小助理的这番闪烁言辞,愈发让晏青澜有些膨胀,该不会被他揍成猪头,然后小助理不好意思开口吧?
“你大胆说,放心,我受得住。像他这种人就该打,我这也算是为民除害!”
晏青澜用鼓励的眼神望着对方,准备好迎接对方的夸赞和敬佩。
小助理脚趾都快抠烂了,实在是不知怎么开口。
但想一想,这事儿瞒得了初一,也瞒不了十五,晏青澜总归是要知道的。
这样也好,让他长长记性,以后不要随便再出手打人,打不打得过另说,这完全是以卵击石啊!
小助理遂眼一闭心一横:“他,他压根没受伤,皮糙肉厚的,太经打了!晏哥你放心,进局子里后有他受的。你受的委屈,我们肯定为你讨回来!”
晏青澜望了望自己裹得严实的左手,以及打点滴手背乌青的右手,露出个怀疑人生的表情:?
他不敢置信地直起腰板,眼睛瞪圆,俨然要炸了:“没搞错吧——”
愤怒的小鸟都没此刻的晏青澜愤怒,这已经不是打不打得过的问题,而是侮辱性极强的问题!
他,堂堂一米八的糙汉子,穿个书穿成这副窝囊样了?
严重的精神创伤让晏青澜正欲发作,一道身影不紧不慢地从窗边走来,晨曦为其周身镀上了层薄薄的光,他略微低头,望向晏青澜,开口问道:“你饿不饿?”
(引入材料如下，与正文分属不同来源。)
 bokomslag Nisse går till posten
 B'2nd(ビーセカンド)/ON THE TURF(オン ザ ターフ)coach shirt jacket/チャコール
晏青澜注意力被分散,下意识看了对方眼,从他这个角度正好能看见对方的腰部,那截劲瘦的腰线被收进裤腿里,衬衫堆出几条褶皱,拉出清晰的腰线,裸露在外的手腕上有些斑驳不已的红痕,并不甚整齐。
看上去像是狗啃了。
比起找变态算账,当然是饱肚更重要,他不假思索地点了点头,又忽然意识到一个问题:“你怎么在这里?”
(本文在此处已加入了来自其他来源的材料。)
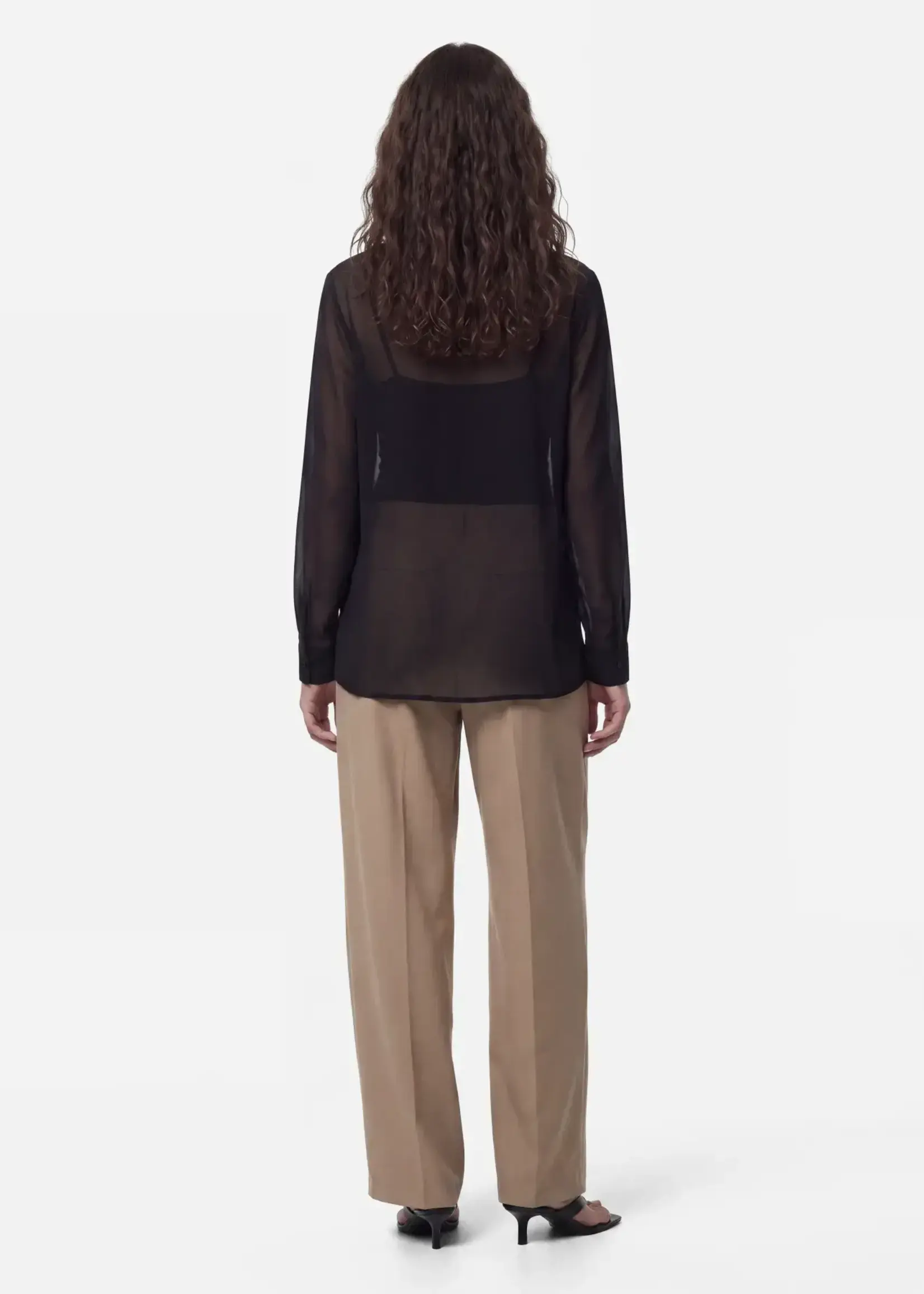 PIECES MIO LS SHIRT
为了预防这段剧情,他可是提前跟谢不言强调过了,他不是说了不会管吗?怎么竟还是来了!
晏青澜顾不得再为尊严扼腕痛惜,有些头皮发麻,该不会,命运兜兜转转,该来的终究都会来吧?
小助理欲言又止,止言又欲,眼神在这两人之间打转。
一晚上的看护并没有对谢不言造成什么影响,他依旧是那副淡然倦怠的模样,似乎对什么都不太上心。
他轻飘飘地开口:“来这里还能干什么?”
“当然是来,看你的笑话。”
晏青澜:……
他真是谢谢他第一时间不辞辛苦地来看这个笑话。
晏青澜多少是个爱面子的人,但在面对谢不言时,他觉得不用要什么面子,他在对方心里的形象自然是越差越好。
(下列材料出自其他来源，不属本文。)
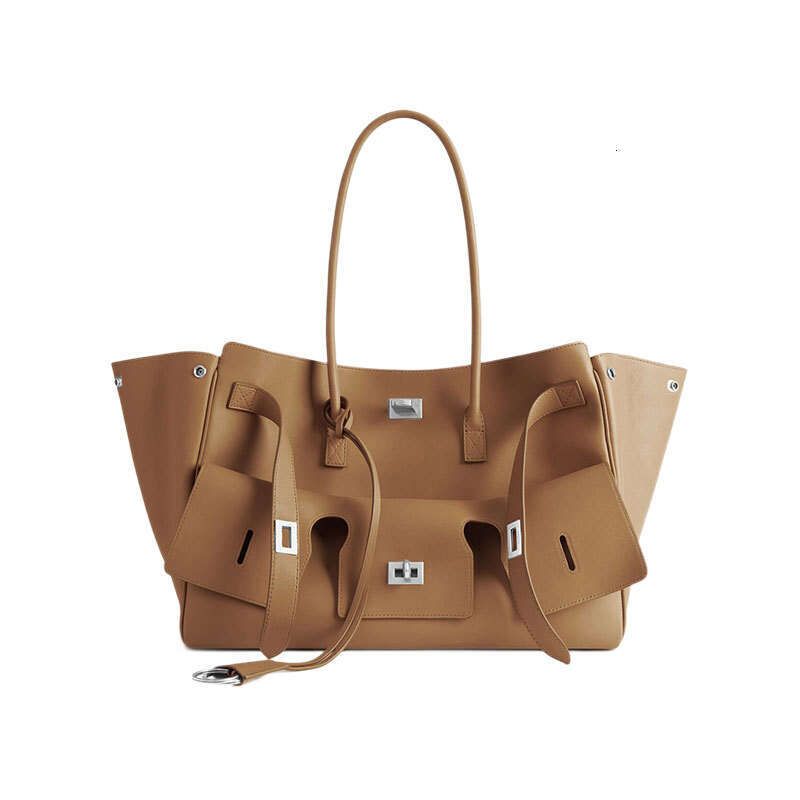 B Brand New Bel Air Shoulder Autumn Winter Relaxed Commuting Large Fashionable High-end Tote Bag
就在这时,晏青澜肚子叫了两下,他立刻不失时机地转移话题:“我饿了,想吃好吃的。”
谢不言嗯了声,似乎有些冷笑的意味:“我当然知道。”
为什么晏青澜从他的语气里听出了些阴阳怪气的味道?是他的错觉吗?
晏青澜忍不住多瞅了谢不言两眼,没瞧出什么端倪,在饥饿的驱使下,他报出一连串菜名:“我要吃清蒸带鱼,红烧螃蟹,双椒鸡丁,麻辣兔头……”
小助理适时提醒道:“医生说你现在得忌口,晏哥咱们这方面还是得注意些,之后还要上节目呢。”